I have a character (eg. "a") and I need to check a string (eg. "aaaabcd") for the number of occurances of "a" in a row (processing stops at "b" in this case and returned value is 4).
I have something like this:
def count_char(str_, ch_):
count = 0
for c in str_:
if c == ch_:
count += 1
else:
return count
So I was thinking... Is there a better/more pythonic/simplier way to do this?

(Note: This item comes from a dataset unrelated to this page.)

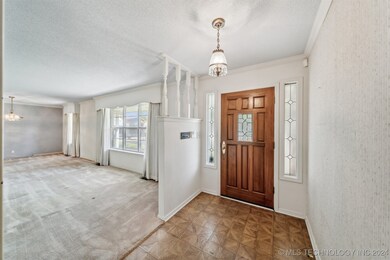 225 N Choctaw Ct, Claremore, OK 74017 - photo 4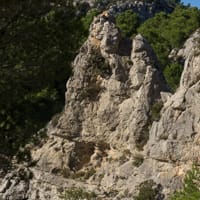 Vue sur le relief ruiniforme depuis la grotte de la Crouzade (côté droit)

The re.match function will start looking in the beginning of the string
m = re.match(r'[%s]+' % ch_, str_)
return m.end() if m else 0
If you want the biggest number of chars in any part of the string:
max(len(x) for x in re.findall(r'[%s]+' % ch_, str_))
One option using itertools.takewhile,
>>> from itertools import takewhile
>>> str_ = 'aaaabcd'
>>> ch_ = 'a'
>>> sum(1 for _ in takewhile(lambda x: x == ch_, str_))
4
If you only care about the beginning of the string, you could use lstrip and compare lengths:
>>> x = "aaaabcd"
>>> len(x) - len(x.lstrip("a"))
4
Maybe not the most efficient way, but most likely the simplest.
You could borrow from the itertools module:
from itertools import takewhile, groupby
def startcount1(s, c):
group = takewhile(lambda x: x == c, s)
return len(list(group))
def startcount2(s, c):
key, group = next(groupby(s))
return len(list(group)) if key == c else 0
After which
tests = ['aaaabcd', 'baaaabcd', 'abacadae', 'aaabcdaaa']
for test in tests:
print test,
for f in count_char, startcount1, startcount2:
print f(test, 'a'),
print
will produce
aaaabcd 4 4 4
baaaabcd 0 0 0
abacadae 1 1 1
aaabcdaaa 3 3 3
If you really cared you could use sum(1 for _ in ..) instead of len(list(..)) to avoid materializing the list, but I find I care less about things like that in my old age. :^)
>>> from itertools import takewhile
>>> sum(1 for c in takewhile('a'.__eq__, 'aaaabcd'))
4